1. Probing the question of “how good can seismic get? I ask you to spend a good amount of time just looking at the amazing detail this section shows. When you click, I will circle a couple of areas of interest that did not show up before this run. Instead of starting with a problem to solve, we must run the program to tell us it even exists. In any case this is just another phase of the story started on the last show, basically an effort to see how much processing could be improved. The area chosen was random. Clicking again will start with the older part of the show.

2. Why inversion & integration is needed to see stratigraphy. The purpose of this posting is to educate the industry on the fact that current processing does not provide this capability. What is really bad is the lack of awareness of the scope of the problem. I am in the middle of finalizing some concepts- The section to the right is just a snapshot of where I am right now. The difference between it and previous inversion attempts is that the task has been broken into fairly short time steps to accommodate the rapidly changing shape of the down wave. I am, of course, happy with the preliminary results, and what they show me prompted this presentation. The message is that assembling the interface spikes supplied by the inversion has clarified the lithology. I have been saying this all along, but this work just provided a better comparison for explanation. I will use duplicates of this display to point out some details.

3. u Finding faults is a major weakness of current processing. This is specially true of strike slip patterns, where no vertical throw may be apparent. Whether or not you believe this one, It obviously could not be picked from the input, so inversion and integration made the difference. Click when you are through looking at my faults.

4. And here is the full input from which the left picture was lifted. It is an optimized stack that cleaned up the gathers in a simple way.

5. And here is the preliminary time variant inversion and integration from that input.

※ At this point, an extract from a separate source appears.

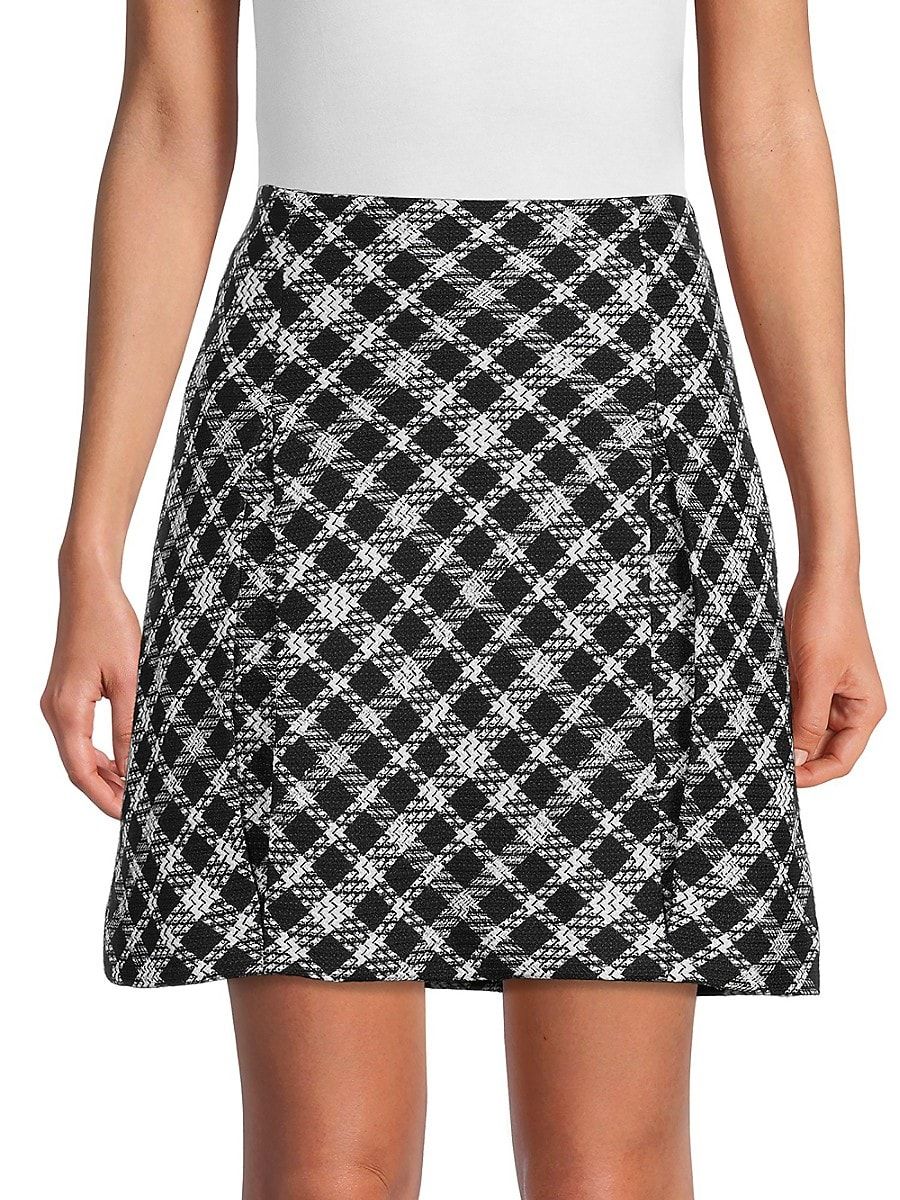Karl Lagerfeld Paris Women's Plaid Tweed Mini Skirt - Black White - Size 6 | Saks Fifth Avenue OFF 5TH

The improvement made by breaking the run into some 8 overlapped time segments is most significant. This obviously is due to the changes in the shape of the down wave with travel time. The next version will move to before stack, where the wavelet changes are equally as important. The next pair of slides will carry you through a few details.

6. INPUT Take a good look at the continuity in the oval area. No structure of interest evident here. So toggle on to the next slide.

7. FINAL Sometimes the system surprises me too. However, due to total trace independence, it is impossible for it to manufacture such continuity as I point to (with the red arrow), on its own. So toggle back and forth until you really absorb what has happened here. Of course it would be good to look at the other changes. Click on yellow oval for my latest serious show. It will take a while to load, so study this slide while you wait. Now go on to look at the new before stack additioon.

8. Here is the latest final, with a slight adjustment due to run display differences. To explain inversion before stack: I believe my non-linear logic for reflection coefficient solving is the best in the business. Of course to simulate lithology requires integration, so I used this combination as a base, applying it to collected results from each horizontal offset (later combined in this display). In addition I broke vertical time into around 8 sections, solving for each independently, then merging. The reason for this extra work was the knowledge that the shape of the down wave changes drastically with time traveled. As you can see the importance of this principle was proven by the outstanding success of the process. Of course this came a little late in the game, but at least I am largely satisfied professionally.